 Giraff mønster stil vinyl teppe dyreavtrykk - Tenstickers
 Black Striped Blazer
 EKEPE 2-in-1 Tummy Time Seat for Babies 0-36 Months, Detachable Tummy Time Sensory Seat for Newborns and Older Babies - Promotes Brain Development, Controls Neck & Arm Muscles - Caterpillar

• **ACTIVITY**: Repeat the material word for word, with no line missing.

• **SOLVED PROBLEM**:
 Giraff mønster stil vinyl teppe dyreavtrykk - Tenstickers
 Black Striped Blazer
 EKEPE 2-in-1 Tummy Time Seat for Babies 0-36 Months, Detachable Tummy Time Sensory Seat for Newborns and Older Babies - Promotes Brain Development, Controls Neck & Arm Muscles - Caterpillar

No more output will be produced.